This group had an online war with ACTFL four or five years ago and since it came up in recent discussion here I am reposting what the director of ACTFL said in response to everything we were saying back then, which were strong points that needed to be rebutted by ACTFL but weren’t. Instead, all we got from ACTFL’s leader was this:
Sandrock wrote:
… ACTFL has been asked directly to respond: we do not find disagreement in the discussion around the various points being discussed….
Here is the response I did not send to Paul, since ACTFL’s 18,000 member list serve group clearly, unbelievably, didn’t want to acknowledge any differences between TPRS and what they do with their “eclectic” (read: ineffective) approach. Note again that this was written in 2014 and so I was using the term TPRS:
Paul I don’t think that ACTFL is aware of the kind of attacks by many teachers on teachers attempting to do TPRS/TCI over the years. Had they been, since you say that they have no disagreement with TPRS/TCI, they would have found a way as the national parent organization for all foreign language teachers to step in and protect those attacks from happening. I guess it’s good that you weren’t aware of the attacks; it stings less.
Attacks on TPRS teachers have been the norm rather than the exception in most secondary school buildings. They are attacks that probably have their roots in misinformation and in misperceptions of the work of teachers who haven’t yet mastered the comprehensible input approach.
Such attacks have ranged from mildly abusive or dismissive in-building statements by teachers who should know better to ramped-up unfounded scathing indictments on teachers’ characters which in some cases have destroyed careers or driven good teachers out of the profession.
In that light, ACTFL’s silence on TPRS has been wrong. If they do support the approach as a viable one, you should have said so a lot earlier than now. One would assume that ACTFL would be interested in policing and guiding the national discussion on best practices in language acquisition so that the needs and hopes of all teachers in the profession are defended and illustrated and that lively and vigorous discussion is assured.
Therefore, a statement condemning or condoning TPRS as a teaching approach would be appropriate next week at their convention, to prevent further attacks.
The fact is that serious pedagogical differences – they should not be made to appear personal in nature – exist between the traditional approach and the CI approach.
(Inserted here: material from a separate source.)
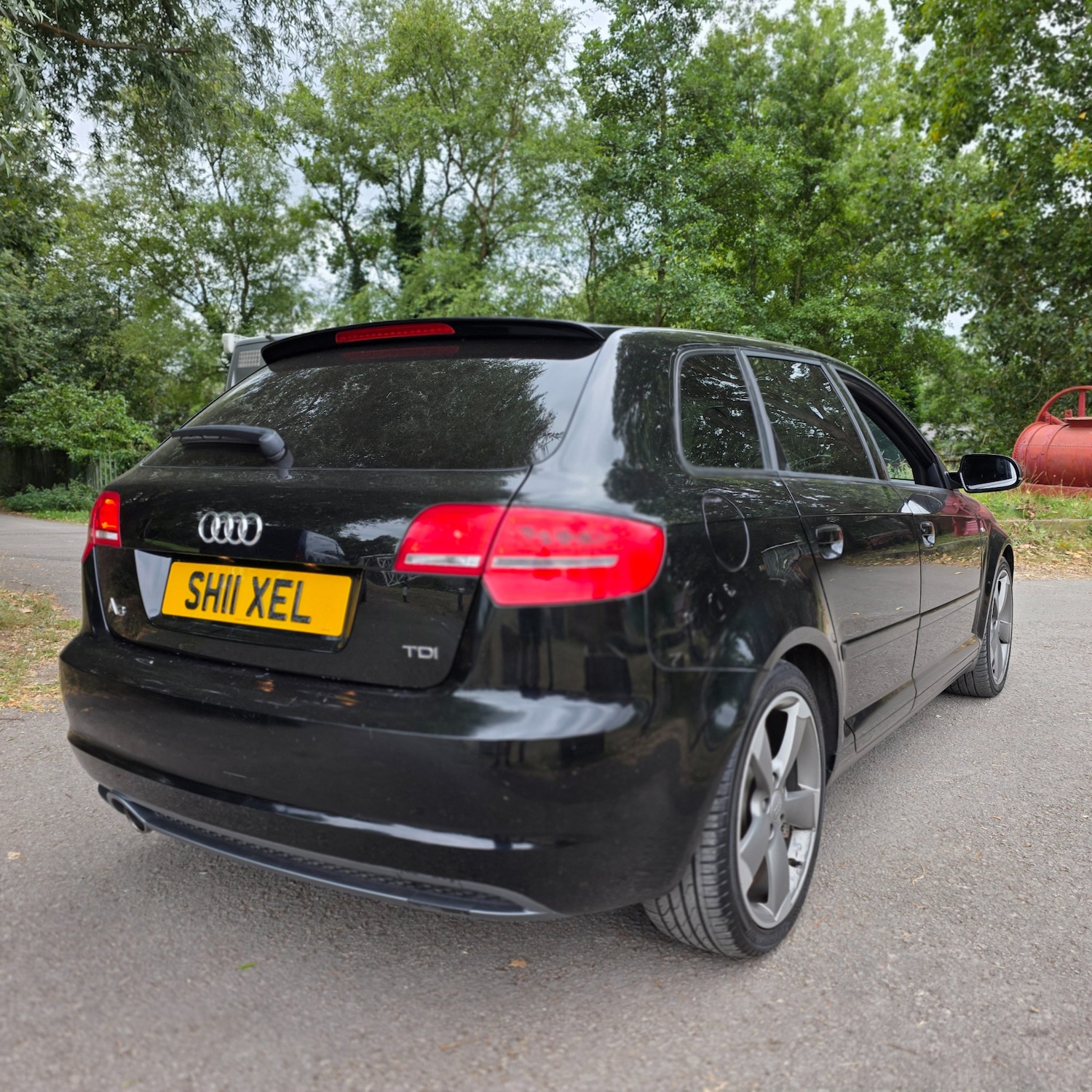 Vehicle 7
In no way do I agree with your official statement above. We cannot whitewash that fact. Mr. Herman’s original question calling for research in support of ACTFL’s position on thematic units still remains unanswered.
The response to the four points raised earlier are insufficient – one short dismissive paragraph on each one is not enough. We have raised complex issues, for example the new thread on testing but no response from your group has been forthcoming. It’s been radio silence whenever we have asked for research backing up the textbook, etc. Please make a clear statement as to whether thematic units should be the sole accepted organizer for a curriculum, as is stated in the ACTFL 21st Century Skills World Languages Map.
I seek clarification on this statement:
…language learning is complex….
I don’t think it is. And even if it is, shouldn’t it be our jobs to simplify it? In my opinion it is a very simple process that has been made complex in our nation’s classrooms. A baby is born, hears the language a ton, for years, then starts reading it, and after hearing and reading it for years she automatically starts speaking and writing it, because of what has been planted below the awareness of the conscious mind for all those years. It’s like planting a seed. It takes time for the seeds (language spoken to students so that they can understand) to sprout and we can’t rush or mechanize that process.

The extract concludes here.